Altra immagine è quella dei colpi di fucile a Rosarno: siamo a gennaio 2010, Aiva è un raccoglitore di arance a Rosarno. Da un fuoristrada spunta un fucile da caccia. Cosa sta succedendo?
Chi sta sparando agli "africani", che qui vivono in una situazione di indigenza e povertà, in decine costretti a dormire assieme dentro cameroni. Come capitava agli italiani che dalle regioni del sud venivano a lavorare al nord. Spesso in nero, spesso con una paga inferiore. Perchè erano terroni.

A Salerno, a Casalbuono, in un laboratorio improvvisato, lavorava Giovanna. Non voleva studiare e aveva deciso di lavorare senza contratto in quel posto, per 1,5 euro all'ora.
E' morta, nel luglio 2006, in seguito ad una scintilla, un corto circuito, che ha fatto bruciare le imbottiture dei materassi che cuciva e da cui è uscito un gas, simile allo Zyklon B che i nazisti usavano per uccidere gli ebrei.
E' morta assieme all'amica perchè ai primi segnali di incendio, anzichè scappare, ha cercato dell'acqua per spegnere il fuoco.
Il responsabile del laboratorio è libero, oggi, in attesa del processo di appello.

Anche alla Thyssen Krupp, la squadra che lavorava per la produzione dei nastri di acciaio, è morta perchè dopo il primo principio di incendio, non è scappata. Anzi, han cercato di spegnere le fiamme con degli estintori vuoti.
Poi, dal cielo, da un tubo sono uscite delle gocce d'olio. E si è scatenato l'inferno.
Sono morti in sette: Antonio Schiavone, Angelo Laurino, Roberto Scola, Rocco Marzo, Antonio Santino, Rosario Rodinò, Giuseppe Demasi.

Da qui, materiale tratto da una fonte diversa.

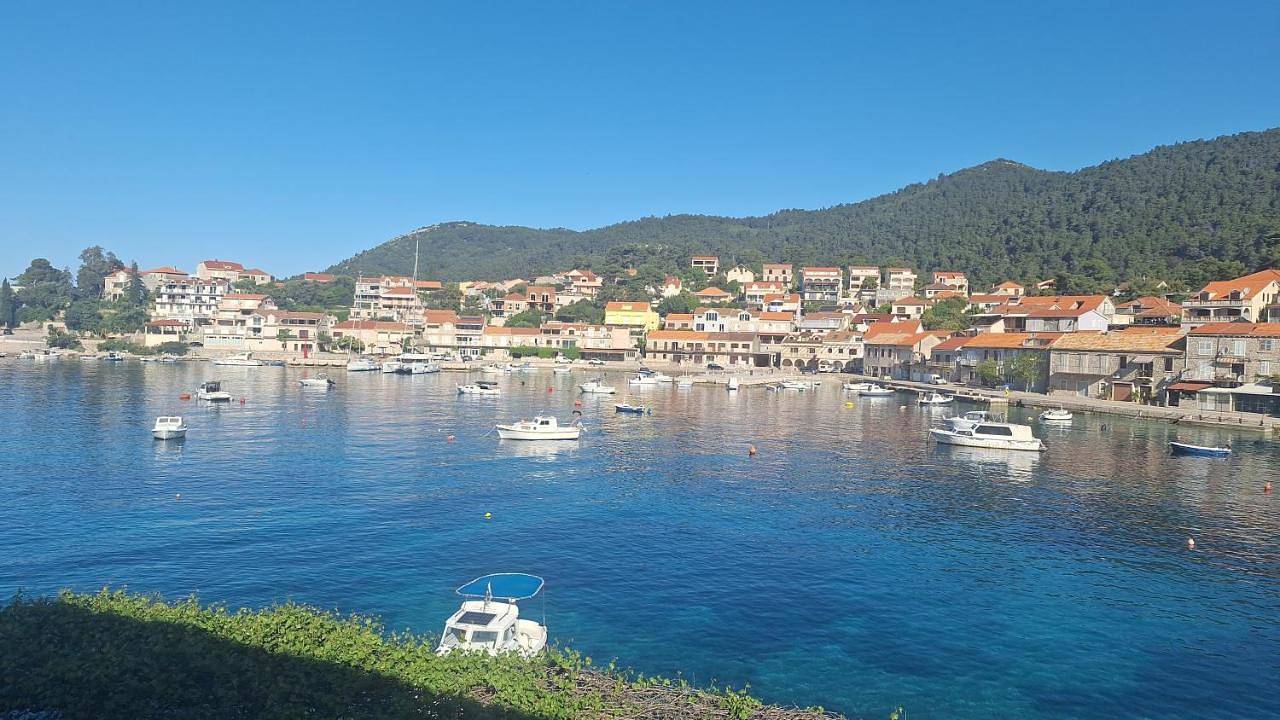 Double Room with Balcony in Blato, Korcula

Una morte assurda, come assurda deve essere sembrata l'atto di citazione per danni che Claudio ha ricevuto da parte della Umbria Olii, dopo l'incidente in cui hanno perso la vita (esplosi per aria, letteralmente) 4 colleghi.
30 milioni di euro di danni, chiesti dal signor Del Papa, alle famiglie degli operai morti.
Assurdo. Come assurdo è morire per lavoro, in una nazione che all'articolo 1 della costituzione recita "l'Italia è una repubblica fondata sul lavoro".

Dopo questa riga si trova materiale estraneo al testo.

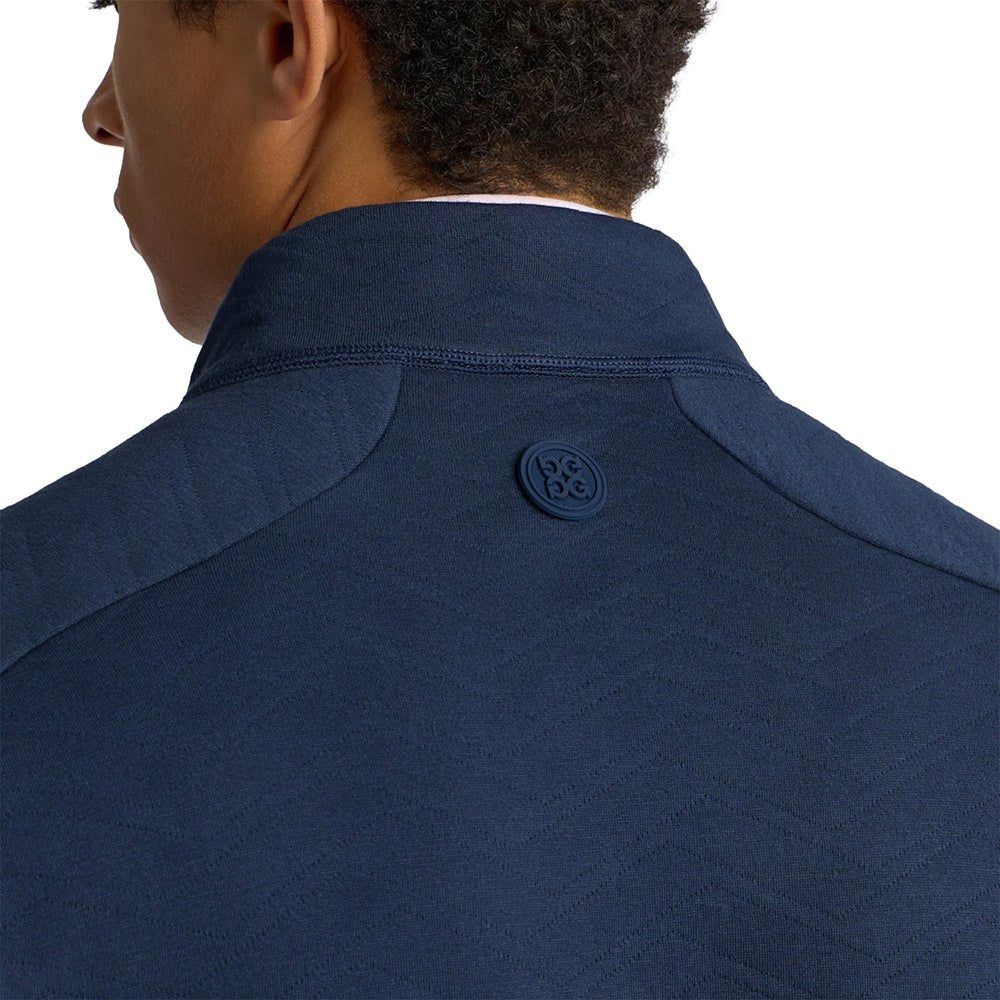 Dunes Cotton Quilted 1/4 Zip Pullover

Assurdo perchè se ci fosse stato l'impianto antiincendio nello stabilimento di Torino, in viale Margherita, le vite dei 7 operai potevano forse essere salvate. Ma lo stabilimento era in dismissione e l'azienda non ha voluto spendere i soldi per la sicurezza.
C'è un processo in corso: per la strage della Thyssen (contro l'amministratore Harald Espenhahn e altri manager) e anche per l'incidente alla Umbria Olii.
Vedremo cosa dirà la giustizia e la magistratura, nel frattempo non possiamo che condividere le parole del collega Barbetta "non si può uscire di casa, andare a lavorare e non tornare più".

Cosa è diventato il lavoro oggi: solo un mezzo per fare soldi, al minor costo possibile e più in fretta possibile?
Questa è una incultura delle imprese che favorisce le morti sul lavoro.
Specie se a morire sono le persone indifese: come gli immigrati, i clandestini.
Lavoratori che si fanno male il primo giorno di lavoro, perchè è lì che i responsabili sono costretti ad assicurarli.

Costretti a subire minacce, come nella storia di Ion Cazacu: bruciato perchè aveva alzato la voce, per chiedere un suo diritto al padrone.
Come Jerry Masslo, morto a Villa Literno nel 1989: anche lui si era rifiutato di cedere di fronte ai suoi diritti.